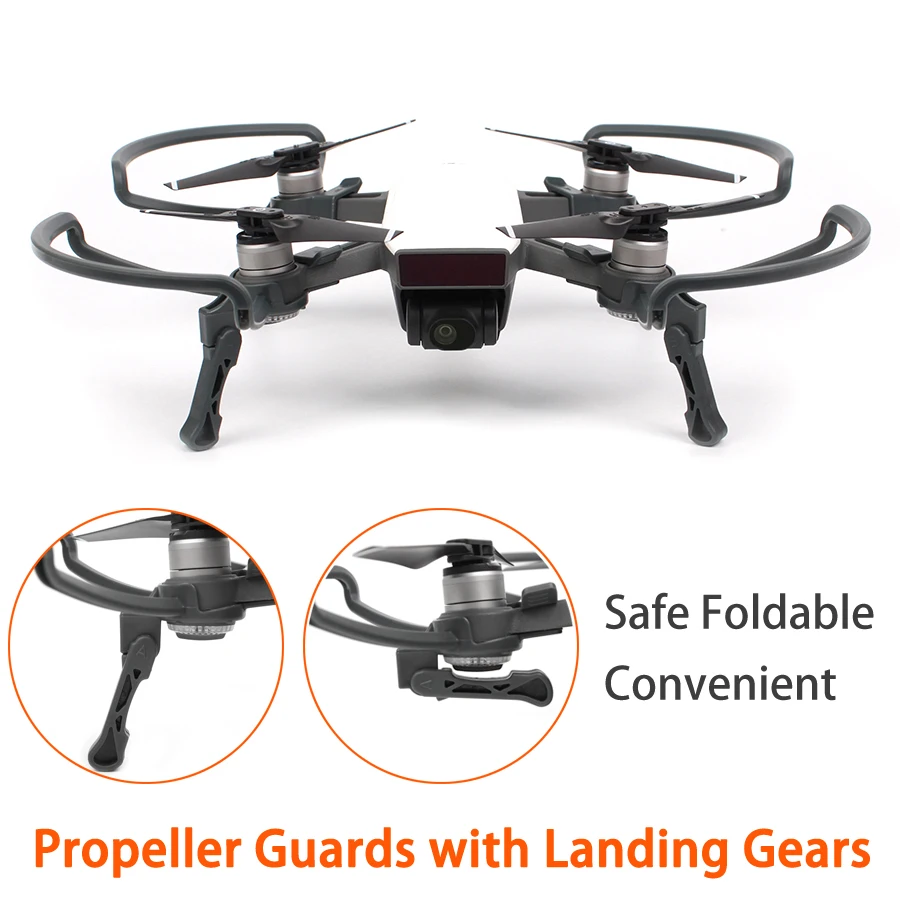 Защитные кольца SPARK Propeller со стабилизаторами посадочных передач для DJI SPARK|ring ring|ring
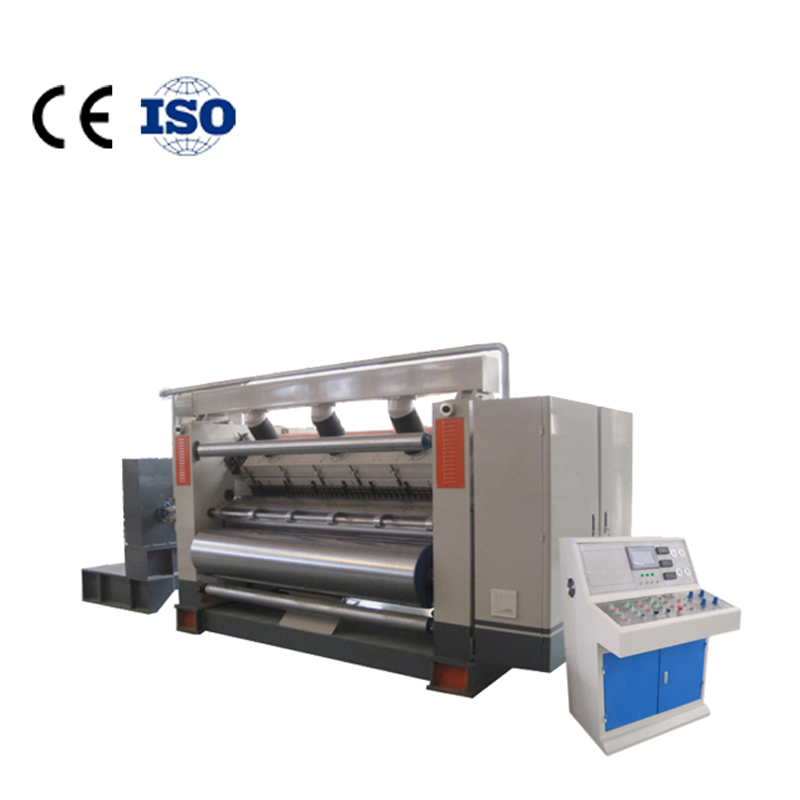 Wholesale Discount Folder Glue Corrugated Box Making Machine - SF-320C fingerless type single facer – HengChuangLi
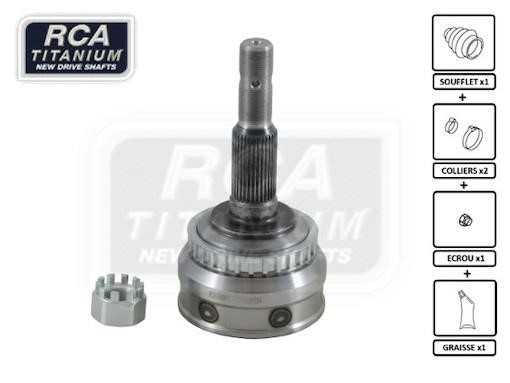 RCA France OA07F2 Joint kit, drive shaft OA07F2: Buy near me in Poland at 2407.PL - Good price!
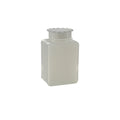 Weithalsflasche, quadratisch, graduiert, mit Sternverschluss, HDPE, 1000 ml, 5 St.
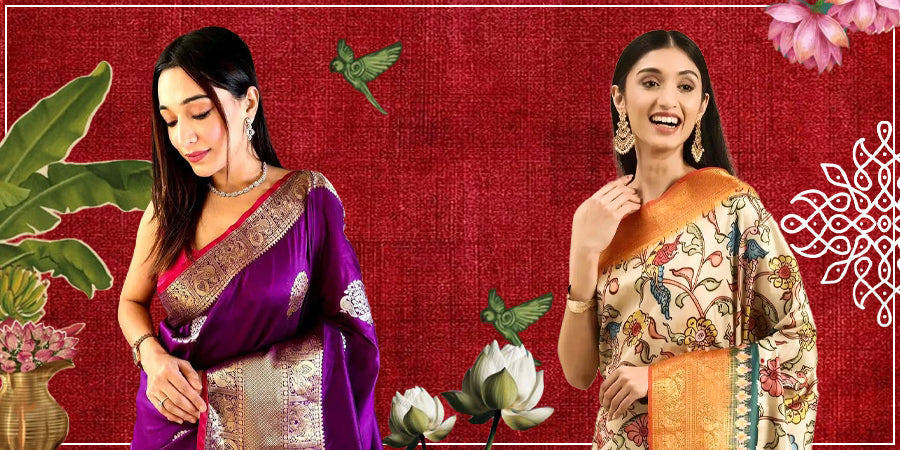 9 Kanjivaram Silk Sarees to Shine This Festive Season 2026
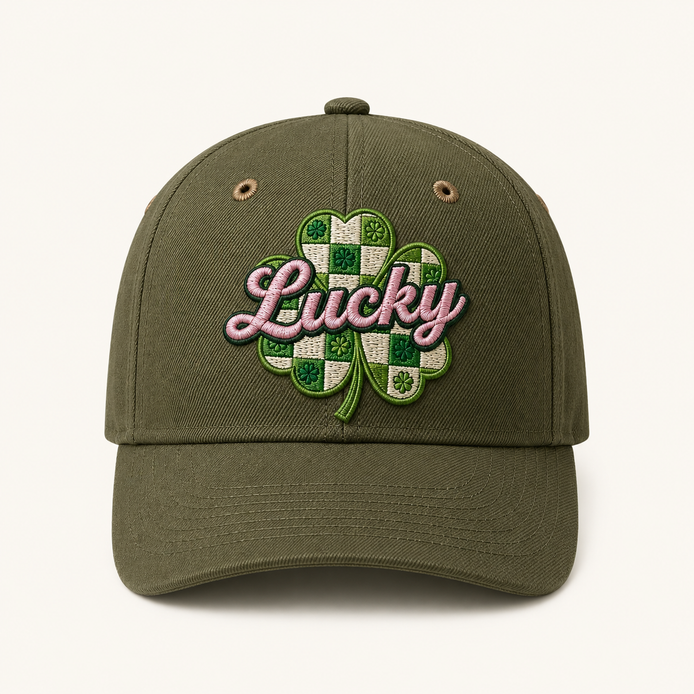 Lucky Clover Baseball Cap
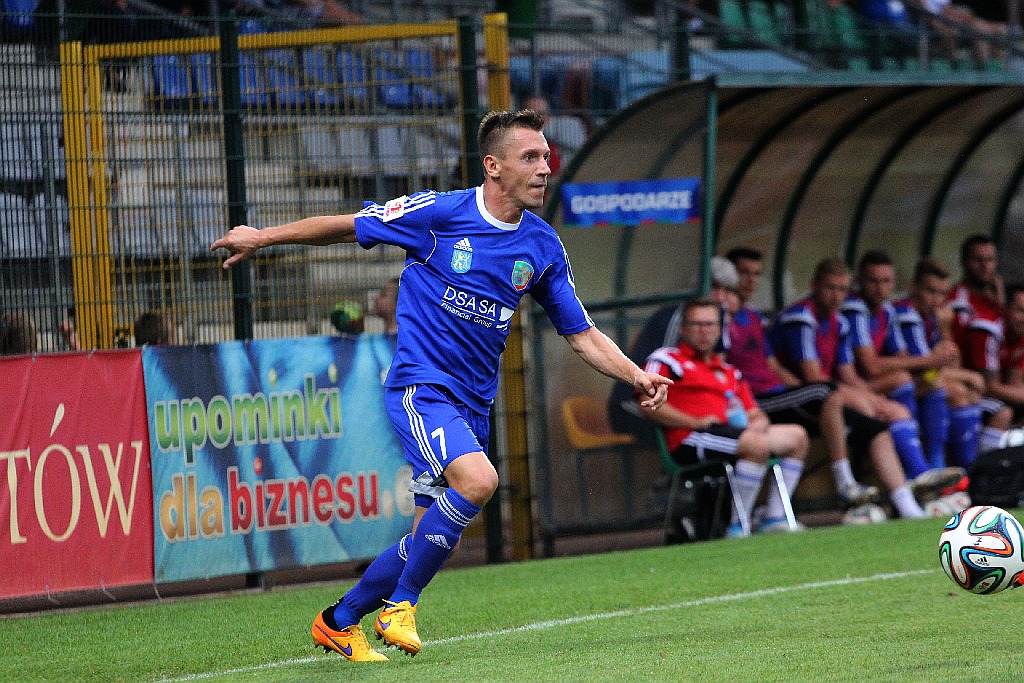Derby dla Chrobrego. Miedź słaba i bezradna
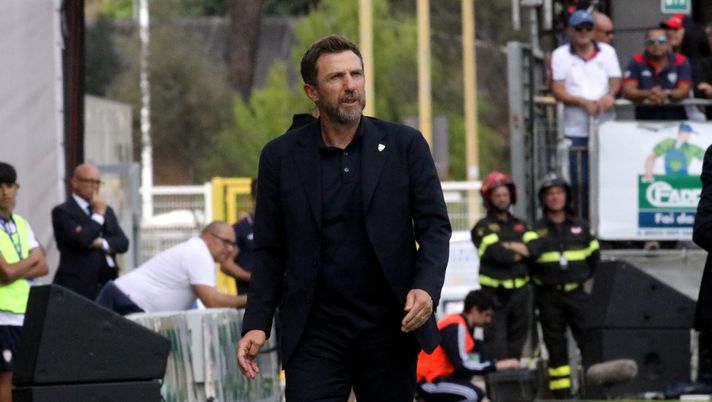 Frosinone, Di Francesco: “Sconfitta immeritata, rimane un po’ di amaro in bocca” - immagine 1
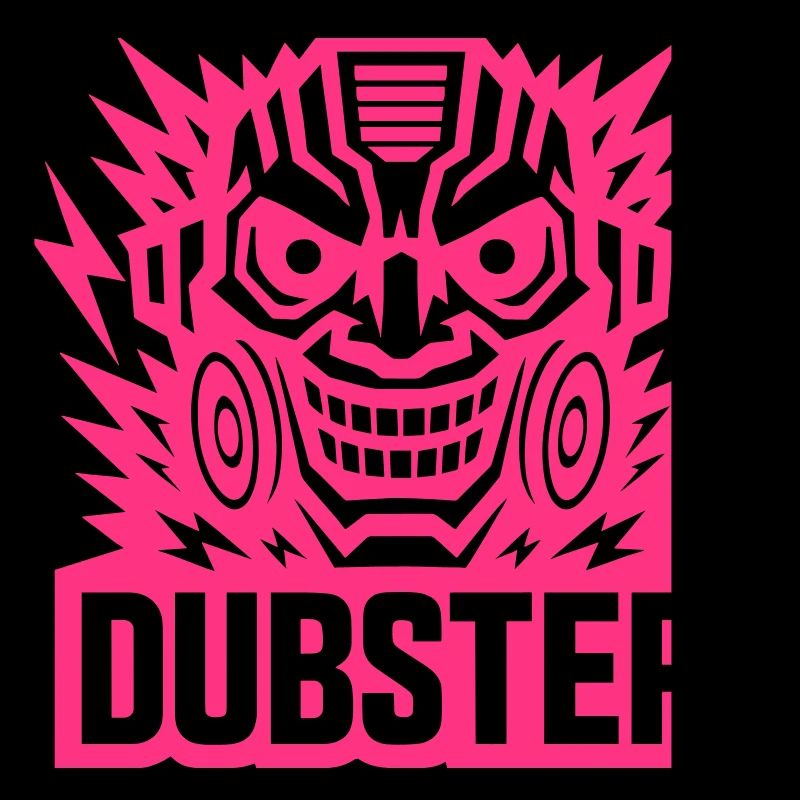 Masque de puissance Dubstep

Work to be completed: Starting at the line that holds "9 Kanjivaram Silk" and ending at the last line of the material above, repeat each line exactly, both ends included, and leave the pictures out.

Solution below:
 9 Kanjivaram Silk Sarees to Shine This Festive Season 2026
 Lucky Clover Baseball Cap
Derby dla Chrobrego. Miedź słaba i bezradna
 Frosinone, Di Francesco: “Sconfitta immeritata, rimane un po’ di amaro in bocca” - immagine 1
 Masque de puissance Dubstep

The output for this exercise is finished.